Kampfrau (Trossfrau)

My sewing muse is a BITCH

First she disappears for like 3 years. THEN when she finally comes back and starts hinting about how spiff it’d be to wear Germans.. and I actually start sewing.. ONLY THEN does she remind me that I’ve totally forgotten how to sew fitted garments.. and although squares and straight angles are nice to sew for early periods (and look nice in online gif patterns).. they totally don’t work for fitted supportive garments (hence the reason I have boob droopage and flattenage on Mockup 1).

So although my Mockup 1 is OK.. it will need ALOT of work to get it fitted right.. AND the final pattern will have wonky curves that will look funny on my pattern gifs. So Mockup 2 is a wash. It was a good thought exercise.. but it’ll never be made into fabric. SIGH.
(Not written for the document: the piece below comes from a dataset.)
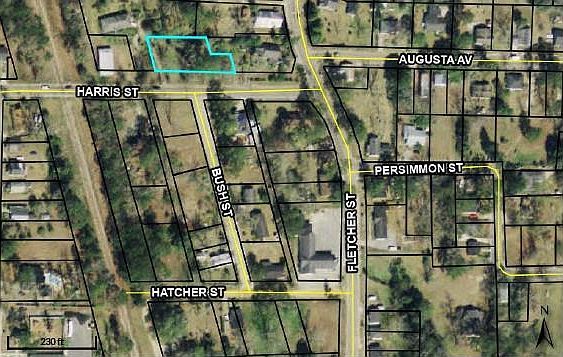 515 Harris St Thomasville, GA 31792  | Land/Lot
Stupid sewing muse. I think she wants me to sacrifice a t-shirt to make a duct-tape pattern. Hrm.. Must consider.

Mockup 2 made me consider tweaking my pattern to use 3 pieces instead of 7. It makes sense in my head. Something like this:

Initially I thought about also having the front seam curved but I’m bothered that all three of the vertical seams would be wiggly. I -feel- like at least one of them(center front) should be on the straight. It just seems wrong to be tweaking all three seams to get it to be fitted.
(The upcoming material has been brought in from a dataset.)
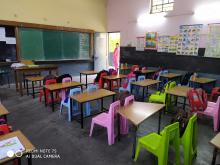 MAINTENANCE OF SCHOOL FURNITURE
Add to that I’m hesitant to throw away what I already have.. I may procrastinate on the duct tape pattern and just go with tweaking my fabric mockup instead.
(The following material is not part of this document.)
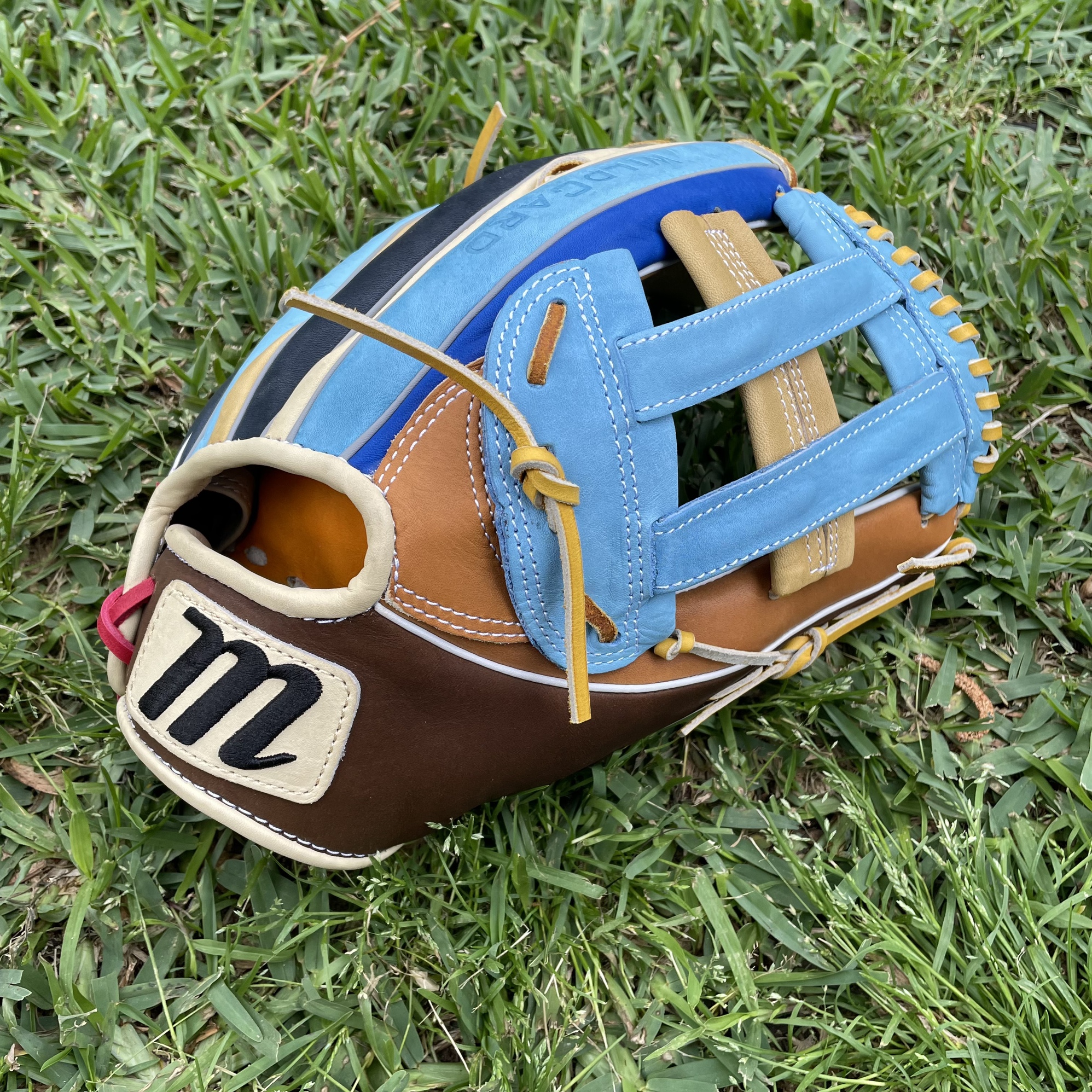 New Marucci WildCard 12.75 Inch Baseball Glove SidelineSwap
Current tweaks in the works:
– Change it to use a side-seam instead of side-back
– Combine side-front and front pieces to get a 3 piece pattern instead of a 7 piece pattern
– Add 1-2 inches at the sides and use that to snork it up to get it to be fitted (Snorking involves pinning, looking in a mirror, pinning some more, then even-ing it out). I want fitted but not really tight. From my experiences with the fitted yellow cote, I just need it to be tight enough under the boobs to keep the boobs elevated.. after that the fitting is all shaping.

Originally I cut the sleeve caps as separate pieces because it allowed to have a very crisp square at the back neckline. Combining these pieces loses that crispness.. I think I’ll have to fiddle with it alot by hand to get it to be as crisp. But combining them does have the bonus of eliminating a couple of extra, unneeded seams.